Botulism in Inmates
Gordon Graham here with Today’s Tip from Lexipol. And Today’s Tip deals with botulism.
Inmates may show symptoms of Botulism after consuming jail-made alcohol, commonly known as Pruno.
The very word strikes fear into the hearts of man. But what does that have to do with our jails?
Botulism can result in muscle paralysis. The symptoms include feeling tired, double or blurred vision, vomiting, difficulty talking, weakness and paralysis that may involve the respiratory system. Generally, there is no fever associated with botulism.

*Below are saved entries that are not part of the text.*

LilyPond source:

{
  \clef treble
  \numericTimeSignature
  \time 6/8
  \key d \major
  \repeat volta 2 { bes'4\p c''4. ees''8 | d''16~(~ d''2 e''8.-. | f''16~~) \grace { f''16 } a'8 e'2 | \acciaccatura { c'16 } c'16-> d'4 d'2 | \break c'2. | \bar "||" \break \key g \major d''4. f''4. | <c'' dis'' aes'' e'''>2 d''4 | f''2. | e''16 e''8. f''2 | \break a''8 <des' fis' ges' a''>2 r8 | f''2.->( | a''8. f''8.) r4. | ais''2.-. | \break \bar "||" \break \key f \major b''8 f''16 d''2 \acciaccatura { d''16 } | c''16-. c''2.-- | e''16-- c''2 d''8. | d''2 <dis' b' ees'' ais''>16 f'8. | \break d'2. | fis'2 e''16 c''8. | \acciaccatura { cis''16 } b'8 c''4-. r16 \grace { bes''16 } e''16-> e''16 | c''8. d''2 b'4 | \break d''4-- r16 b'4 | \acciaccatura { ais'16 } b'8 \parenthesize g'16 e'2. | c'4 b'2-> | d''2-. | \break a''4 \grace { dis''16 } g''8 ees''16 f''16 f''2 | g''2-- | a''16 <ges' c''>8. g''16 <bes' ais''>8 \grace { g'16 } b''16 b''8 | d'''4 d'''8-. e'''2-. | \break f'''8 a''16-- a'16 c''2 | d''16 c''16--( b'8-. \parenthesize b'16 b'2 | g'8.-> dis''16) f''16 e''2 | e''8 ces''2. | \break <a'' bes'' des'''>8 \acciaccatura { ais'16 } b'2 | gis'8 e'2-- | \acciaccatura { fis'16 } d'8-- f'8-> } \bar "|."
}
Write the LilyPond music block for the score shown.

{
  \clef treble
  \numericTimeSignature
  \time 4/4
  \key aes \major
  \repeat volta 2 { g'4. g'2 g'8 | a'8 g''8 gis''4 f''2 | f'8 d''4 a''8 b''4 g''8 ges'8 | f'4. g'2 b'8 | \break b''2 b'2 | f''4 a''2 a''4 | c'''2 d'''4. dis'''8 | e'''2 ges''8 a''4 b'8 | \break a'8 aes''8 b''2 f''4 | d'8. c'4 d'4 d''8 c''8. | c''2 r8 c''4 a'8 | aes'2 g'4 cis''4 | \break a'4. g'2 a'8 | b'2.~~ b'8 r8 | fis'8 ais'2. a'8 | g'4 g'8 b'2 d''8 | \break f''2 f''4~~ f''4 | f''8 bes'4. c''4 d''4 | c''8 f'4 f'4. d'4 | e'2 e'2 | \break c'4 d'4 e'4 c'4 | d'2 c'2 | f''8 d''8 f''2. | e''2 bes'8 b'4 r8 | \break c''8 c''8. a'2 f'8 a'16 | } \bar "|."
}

Again you ask, “OK Gordie, great information, but what does that have to do with our jails? Well, I’ll tell you.
Many infected inmates require hospitalization. Recovery with proper medical care can often take weeks or even months. It can be life- threatening and expensive.
Pruno in the jail is typically made by fermenting sugar and fruit in water. Other ingredients may include potatoes, corn, bread and rice. Recent outbreaks in some correctional facilities involved the use of potatoes, both baked and raw.
This concoction is typically “brewed” in a re-sealable plastic bag commonly used and available to inmates throughout Correctional systems. Bags and socks that contain partially fermented residue are often shared among Pruno brewers spreading the toxins to other inmates.
Aside from the health issue presented by the problem, the hospital charges for one recent outbreak cost tax payers over $500,000.
The risk of Botulism from consuming Pruno should be conveyed to all inmates on a regular basis. Staff conducting housing searches should be briefed on the dangers of Pruno and be made aware of the problem.
Remember, predictable is preventable.
And that is Today’s Tip from Lexipol. Gordon Graham signing off.